A Millicent business operator has claimed there is currently a pigeon plague in the central business district and has called on Wattle Range Council to act on the resultant health issues. The claims have been made by pharmacist Jim Gow who heads the partnership which operates the Glen Street Pharmacy and Millicent Chemist and Giftware.
According to Mr Gow the problem of feral pigeons in Millicent is probably caused by a number of factors including delinquent pigeon racing owners who have let the pigeons all go or who do not care anymore and lost interest in the sport. He said there are properties in Millicent with open ceilings accessible to pigeons allowing them to breed without limit.
Mr Gow said pigeons were nesting under solar roof installations and in business rooftops in the main street of Millicent. “Wattle Range Council does not care and has done little to eradicate the feral pigeons,” Mr Gow alleged. “Pigeon poo is a problem in the ceilings and attracts mice and rats into the ceilings breeding various communicable diseases.
“Pigeon poo in our situation at Glen Street Primacy is that it filled the gutters and because of the volume it causes an overflow of water into the ceilings causing damage to the ceilings and costs. “Wattle Range Council should take a stand on health and safety grounds to bring the thousands of pigeons under control and help reduce the mouse and rat problem in Millicent. “There are thousands of pigeons in Millicent, just look at the skyline and in the ceiling spaces.
“We business owners of Glen Street Pharmacy and Millicent Chemist and Giftware are doing our part and have employed a licensed contract shooter in the early mornings and have accounted for some 140 feral birds. “It’s time for Wattle Range Council to take an active role.”
Numerous business owners approached by The SE Voice have either said there were no concerns with pigeons in Millicent or they have taken measures on their buildings to prevent them roosting.
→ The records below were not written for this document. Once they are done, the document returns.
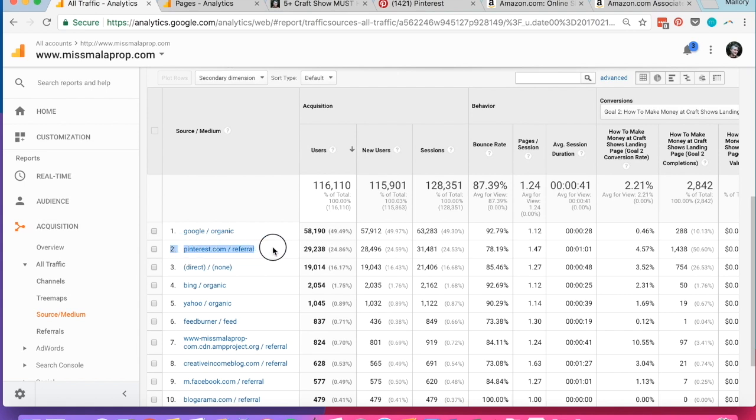But right after that, you've got Pinterest as the number two traffic source, making up almost 25% of my total traffic for the year. You can also see how much time those people from Pinterest are spending on my pages — about a minute on average, compared to 28 seconds on average from Google. So in a lot of ways, this traffic coming from Pinterest is much better than even the traffic coming from Google, even though there's a little bit more of it coming from Google.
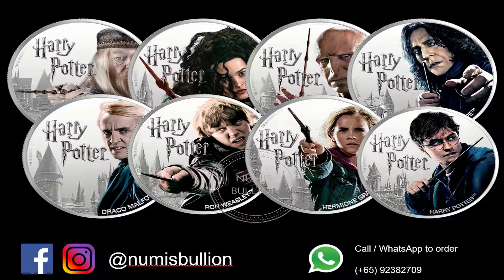Collectors, the biggest-selling novels of all time are finally in precious metals form. Each coin is only limited to 2,000 pieces worldwide. This is a far cry from the novel that has sold over half a billion copies and has been translated into 80 languages.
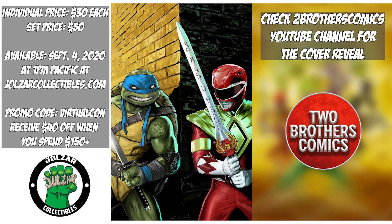You can purchase them individually or as a set for $50. Both books will be available at 1pm Pacific on joelzrcollectibles.com. Joel's R Collectibles is also offering a discount code — use promo code VIRTUALCON at checkout to save $40 when you spend $150 or more.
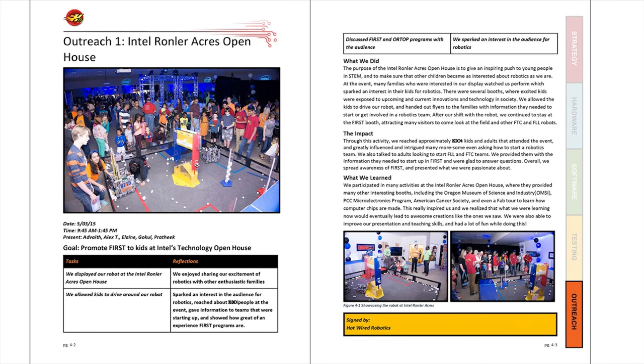This is one of our specific outreach entries, the Intel Von Larkers Open House. On the left side, just like a meeting, we have the basic information — time, date, who was present, tasks, and reflections. On the right side, we elaborate on what we did at the outreach event, the impact we had on the community including specific figures, and what we learned — the impact the event had on our team.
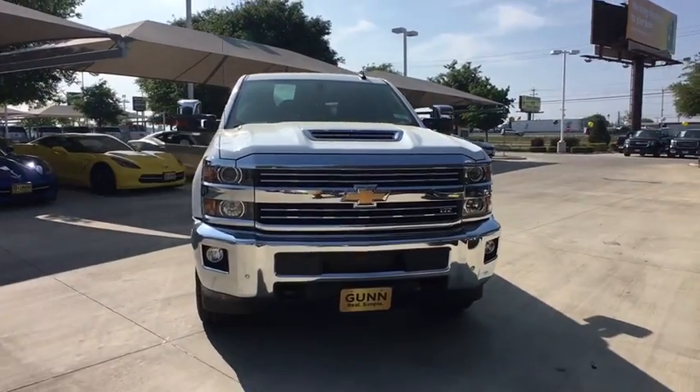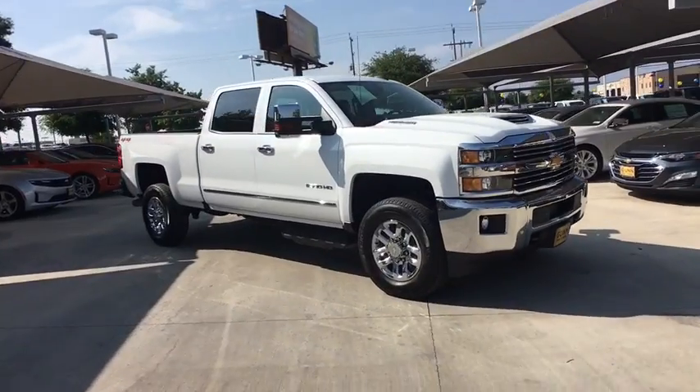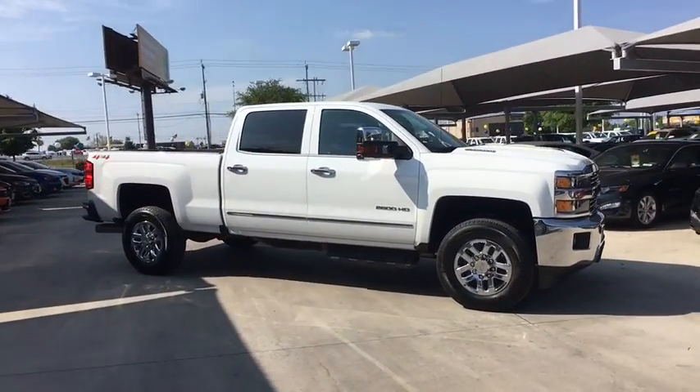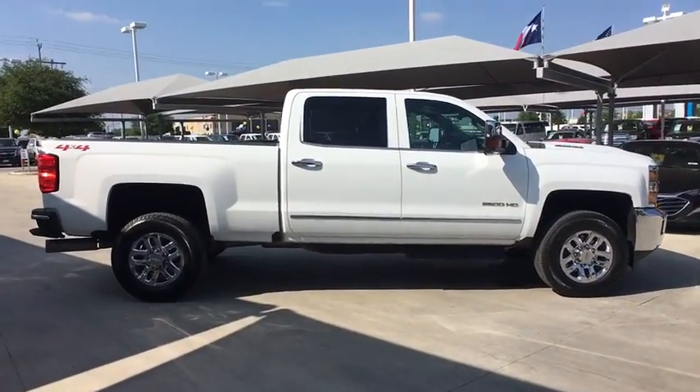2019 Chevrolet Silverado 2500 HD. This pickup truck pulls unlike any other. This vehicle has less than 25,000 miles. Here are some of this vehicle's great options.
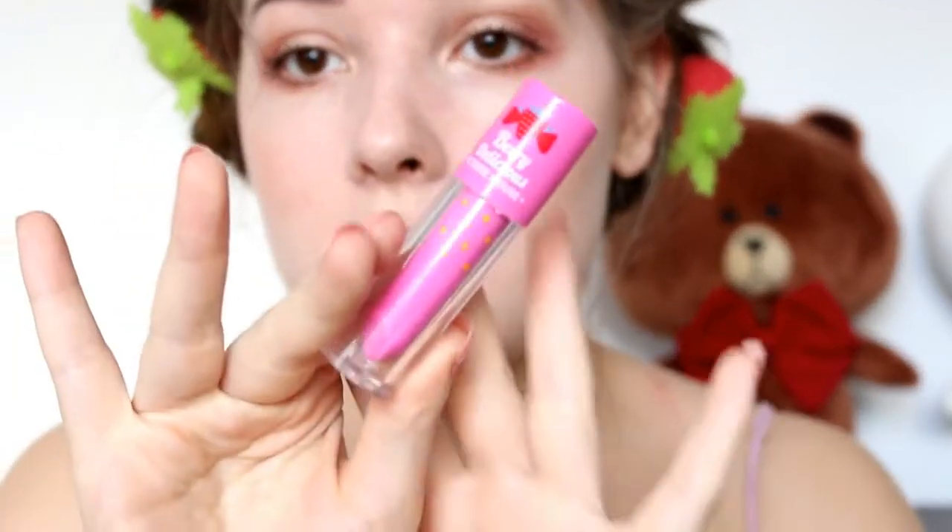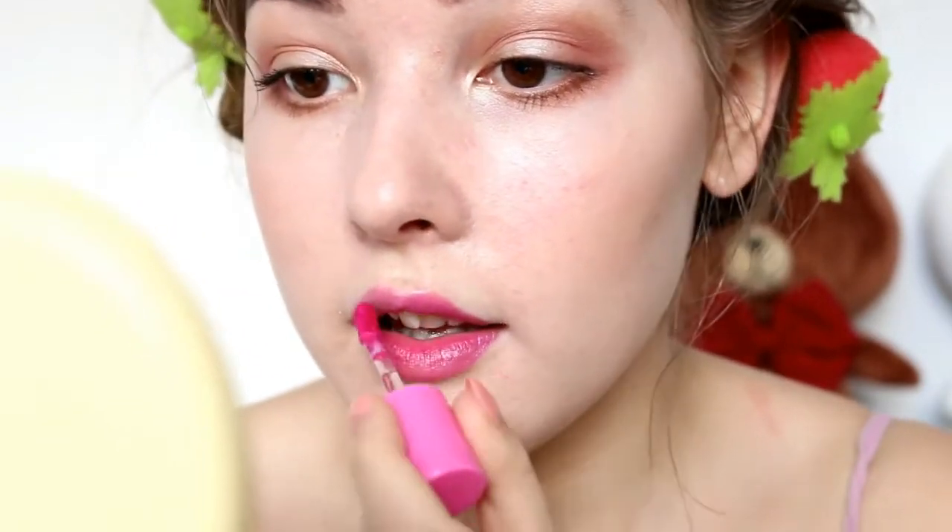Now on to lips. Her lips were sometimes more pinkish and sometimes more red, so I was doubting which color to go for — but I think the pink looks really nice. I'm using the Etude House Berry Delicious in number PP502, and this is really pigmented. I think this color comes pretty close to HyunA's lip color in the video.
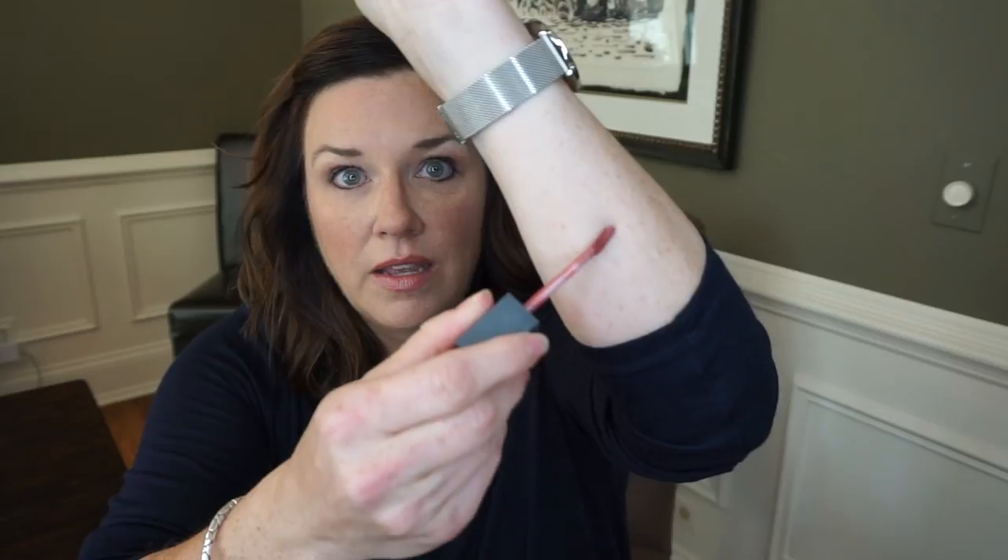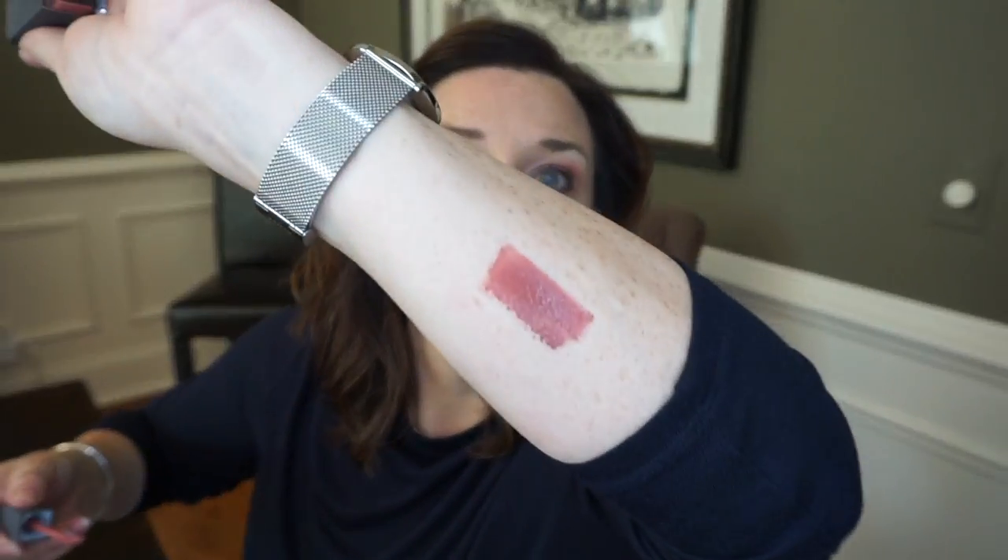Bite Beauty now has the Mousse Bouche Liquefied Lip. I love all the Bite Beauty lip products I've tried over the years. These are the liquid lips and I really enjoyed this color — it's called Chutney. They last well and have a kind of minty vanilla citrus scent, which is the strangest thing to explain, but that's my best description. Love it.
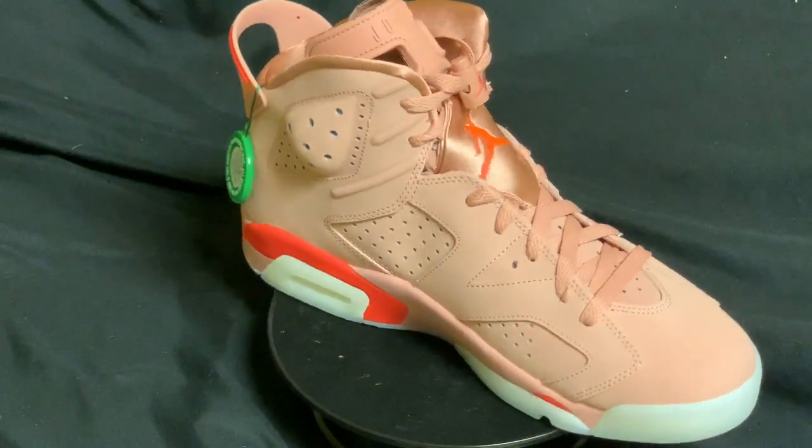Now one thing you can't notice in pictures — that's why I get stuff in person — there are a lot of small details I didn't really realize in this shoe until you get it. I thought this was kind of like an all leather or plastic shoe, but this is actually all suede, just like the Jordan 6 Infrared 6s.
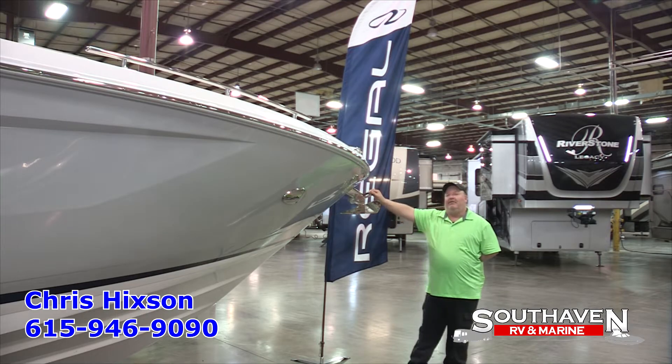Hey, this is Chris Hickson with South Haven RV & Marine. I want to highlight the 2800 Series Regal Boat and why it will make you a great one.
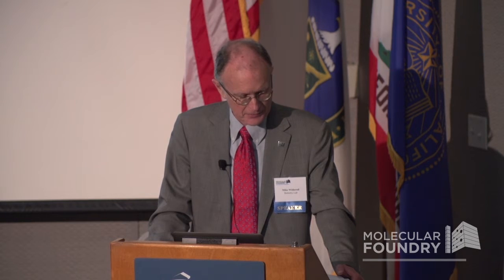It has contributed enormously to the rich intellectual environment here at the laboratory and it is a central part of what we do. Finally, I would like to give special thanks to Paul Alivisatos for his vision in establishing the Foundry and the other founding directors, and to Jeff Neaton for his continued creative leadership in keeping this Foundry inventing in a fast-moving field. So thanks to them.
All disagree there are pigeons in plague proportion numbers. Wattle Range Council development services director Emma Clay has clarified the role of council in pigeon management.
“The responsibility for managing pigeons or any such pests rests with the building owner,” Ms Clay said. “There are a number of ways that building owners may address an issue with pigeons. “They include removing food sources, proofing around roofing, eaves and windows, deterring with spikes, removal of nests, scare devices and trapping, shooting or sedation.
“If building owners are wishing to trap, shoot or sedate pigeons as a management technique, Wattle Range Council recommends engaging qualified contractors. “Council is willing to provide necessary permits in regards tonoise for building owners undertaking pigeon management.”